README.txt 2.51 KB
About the AMI corpus:

WEB: http://groups.inf.ed.ac.uk/ami/corpus/
LICENCE: http://groups.inf.ed.ac.uk/ami/corpus/license.shtml

"The AMI Meeting Corpus consists of 100 hours of meeting recordings. The recordings use a range of signals synchronized to a common timeline. These include close-talking and far-field microphones, individual and room-view video cameras, and output from a slide projector and an electronic whiteboard. During the meetings, the participants also have unsynchronized pens available to them that record what is written. The meetings were recorded in English using three different rooms with different acoustic properties, and include mostly non-native speakers." See http://groups.inf.ed.ac.uk/ami/corpus/overview.shtml for more details.


About the recipe:

s5)

The scripts under this directory build systems using AMI data only, this includes both training, development and evaluation sets (following Full ASR split on http://groups.inf.ed.ac.uk/ami/corpus/datasets.shtml). This is different from RT evaluation campaigns that usually combined couple of different meeting datasets from multiple sources.
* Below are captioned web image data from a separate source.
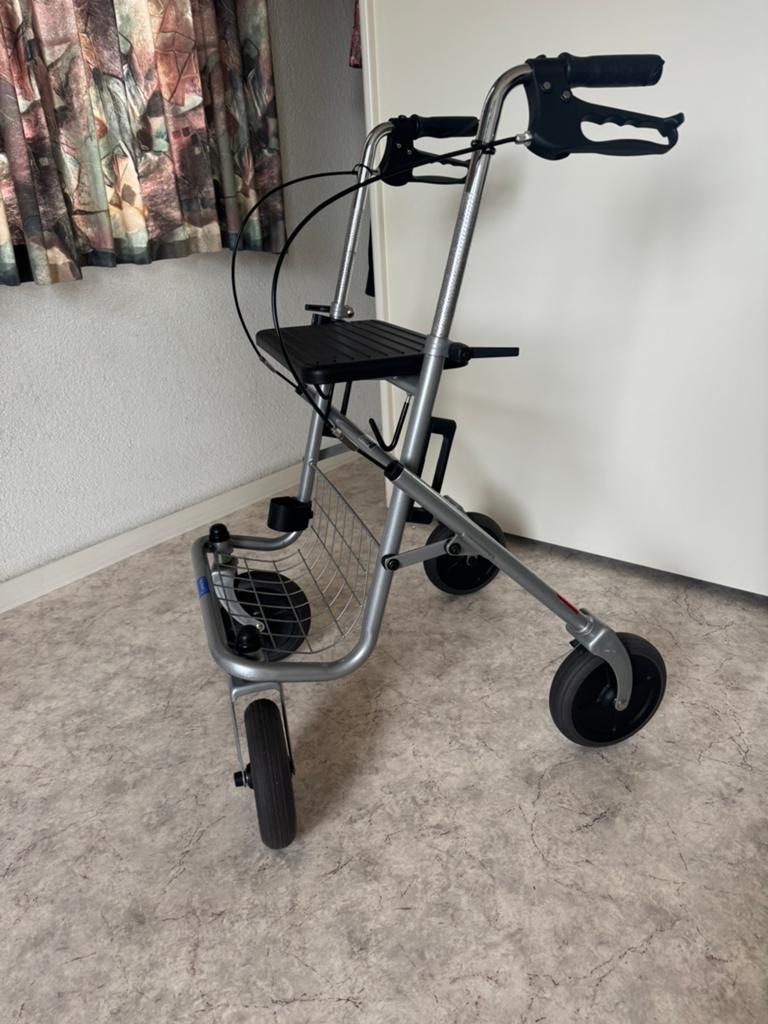 Te koop stevige rollator, Ophalen of Verzenden, Opvouwbaar, Zo goed als nieuw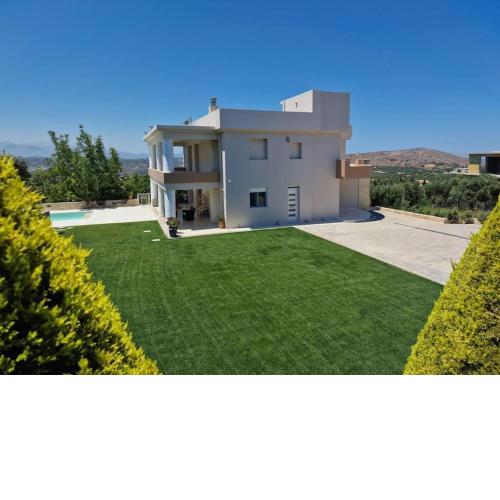 Blue Sky Villa in Crete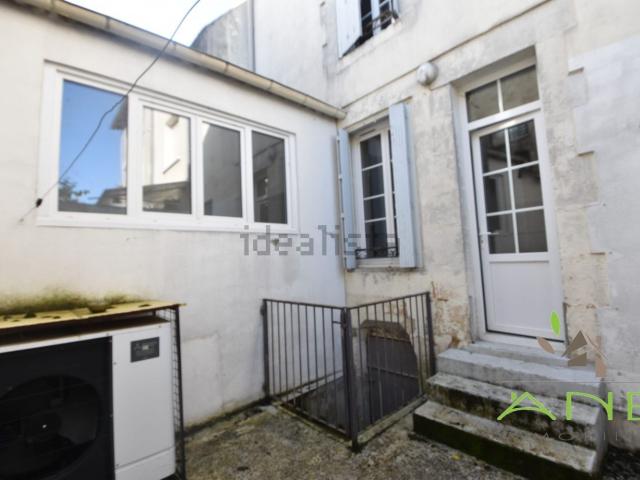 Maison, Montbron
In general, the recipe reproduce baseline systems build in [1] but without propeirary components* that means we use CMUDict [2] and in the future will try to use open texts to estimate background language model.

Currently, one can build the systems for close-talking scenario, for which we refer as
-- IHM (Individual Headset Microphones)
and two variants of distant speech
-- SDM (Single Distant Microphone) using 1st micarray and,
-- MDM (Multiple Distant Microphones) where the mics are combined using BeamformIt [3] toolkit.

To run all su-recipes the following (non-standard) software is expected to be installed
1) SRILM - to build language models (look at KALDI_ROOT/tools/install_srilm.sh)
2) BeamformIt (for MDM scenario, installed with Kaldi tools)
3) Java (optional, but if available will be used to extract transcripts from XML)

[1] "Hybrid acoustic models for distant and multichannel large vocabulary speech recognition", Pawel Swietojanski, Arnab Ghoshal and Steve Renals, In Proc. ASRU, December 2013
[2] http://www.speech.cs.cmu.edu/cgi-bin/cmudict
[3] "Acoustic beamforming for speaker diarization of meetings", Xavier Anguera, Chuck Wooters and Javier Hernando, IEEE Transactions on Audio, Speech and Language Processing, September 2007, volume 15, number 7, pp.2011-2023.

*) there is still optional dependency on Fisher transcripts (LDC2004T19, LDC2005T19) to build background language model and closely reproduce [1].